Open dg3feiko opened 6 years ago
this is the schema generated by parquet.js for a list of elements
{
mylist:[{"foo":"abc", "bar":"abc"}, {"foo":"abc", "bar":"abc"} ]
}
message root {
repeated group mylist {
required binary foo (UTF8);
required binary bar (UTF8);
}
}
and expected schema for PrestoDB/Hive is
message root {
required group mylist (LIST){
repeated group list {
required group element {
required binary foo (UTF8);
required binary bar (UTF8);
}
}
}
}
Hey @dg3feiko, have you found a working solution for that problem?
@shyim @dg3feiko Did you check out the https://github.com/ironSource/parquetjs/issues/67 - might be related
I have installed your version like mentioned in the comment with
npm install zjonsson/parquetjs#07fb2fd8fc03bf2b57243531eaf91f2d60f5e460
Generated new files and copied that to the S3 bucket, still problems with the athena query..
there is also https://github.com/ironSource/parquetjs/pull/43 you could try to install a fork that has all my outstanding PRs here merged to master (including the 43)

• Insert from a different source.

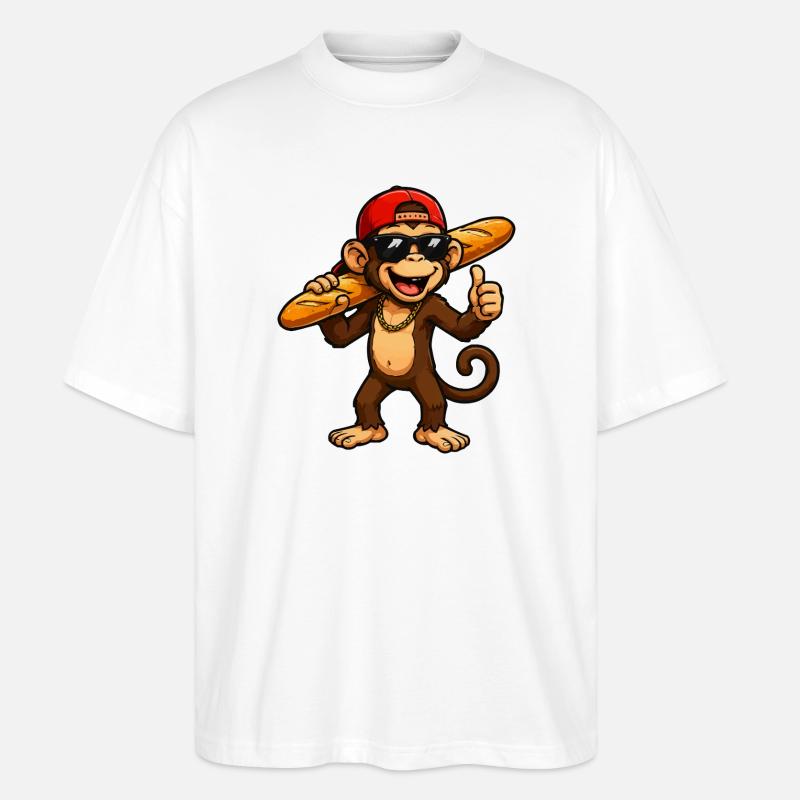 affe-baguette-cool - Stanley/Stella Oversized Unisex Bio T-Shirt Blaster 2.0 - Weiß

npm install zjonsson/parquetjs
I can select simple fields in the first tier, but when i select a struct Athena crashes with message: HIVE_CURSOR_ERROR: Can not read value at 0 in block 0 with your latest fork
i used 0.8.0 to convert a flat json file to parquet. Verified that im able to write and read it back. Uploaded it to s3 and used glue to create the athena table. Im unable to query the data for some reason though, getting a GENERIC_INTERNAL_ERROR: 0 Anybody else using this converter for athena?

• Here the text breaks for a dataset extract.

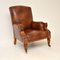 Antique Leather & Carved Oak Childs Armchair, 1880s, Image 1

I gave this a try recently in AWS with Athena + Presto using the latest from zjonsson/parquetjs
.
Root level primitives worked but nested lists failed:
Expected LIST column column to only have one field, but has x fields
I gave this a try recently in AWS with Athena + Presto using the latest from
zjonsson/parquetjs
.Root level primitives worked but nested lists failed:
Expected LIST column column to only have one field, but has x fields
+1 Anyone with a answer?
So I encountered the same issue and spend some time getting it to work. Here is a solution that seems to work at least for my case of lists with structs: https://github.com/ZJONSSON/parquetjs/pull/34 Test case from parquetjs to Athena can be found here: https://github.com/ZJONSSON/parquetjs/blob/9cee1592ce41e8dbca088fa2330b48ceb2d1de1a/test/list.js
I generated a parquet file with parquet.js with data containing list and map, but the nested field is not readable by AWS Athena, which is based on PrestoDB. I checked other implementations and it seem this is the reason https://github.com/apache/parquet-mr/pull/411
Thank you for the great job all the same.